== Segment start ==
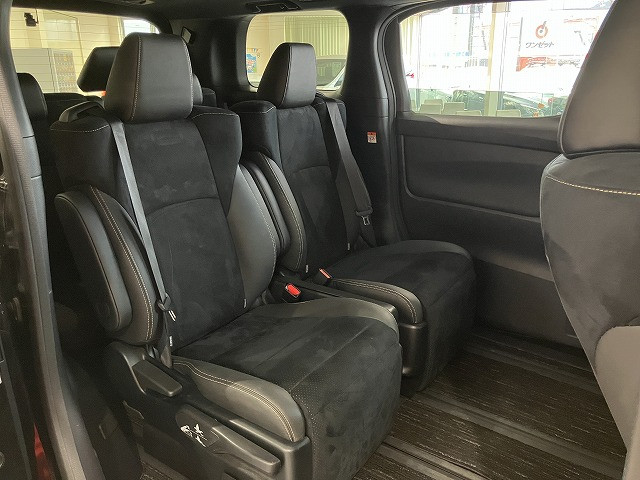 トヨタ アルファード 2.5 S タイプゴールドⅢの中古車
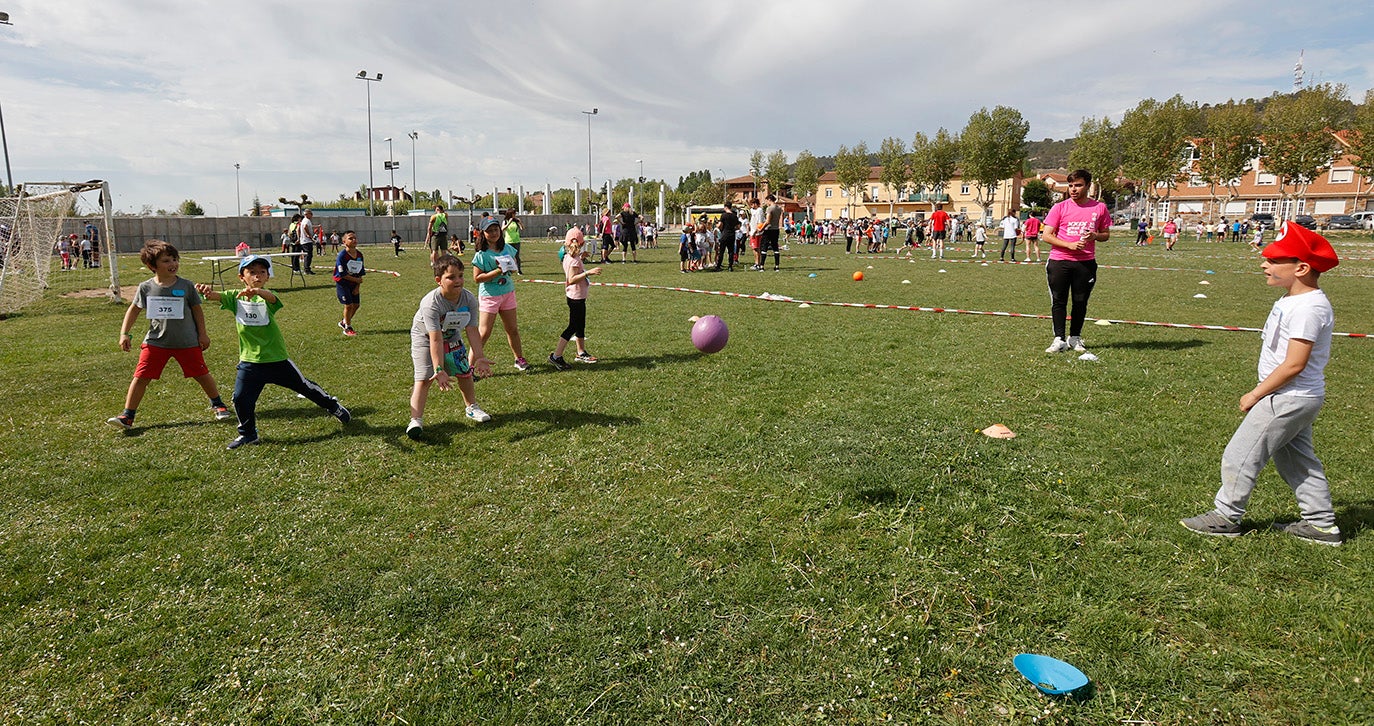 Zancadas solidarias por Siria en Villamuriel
== Segment end ==
== Segment start ==
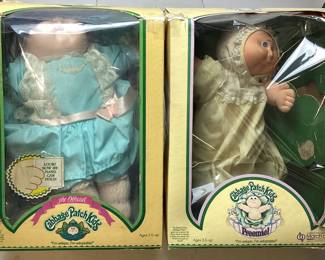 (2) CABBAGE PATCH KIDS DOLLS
== Segment end ==
**Work to complete**
The answer is those lines of the material above that run from the one containing "トヨタ アルファード 2.5 S タイプゴールドⅢの中古車" up to and including the one containing "Zancadas solidarias por Siria en Villamuriel", restated exactly and without images.

**Completed exercise**
 トヨタ アルファード 2.5 S タイプゴールドⅢの中古車
 Zancadas solidarias por Siria en Villamuriel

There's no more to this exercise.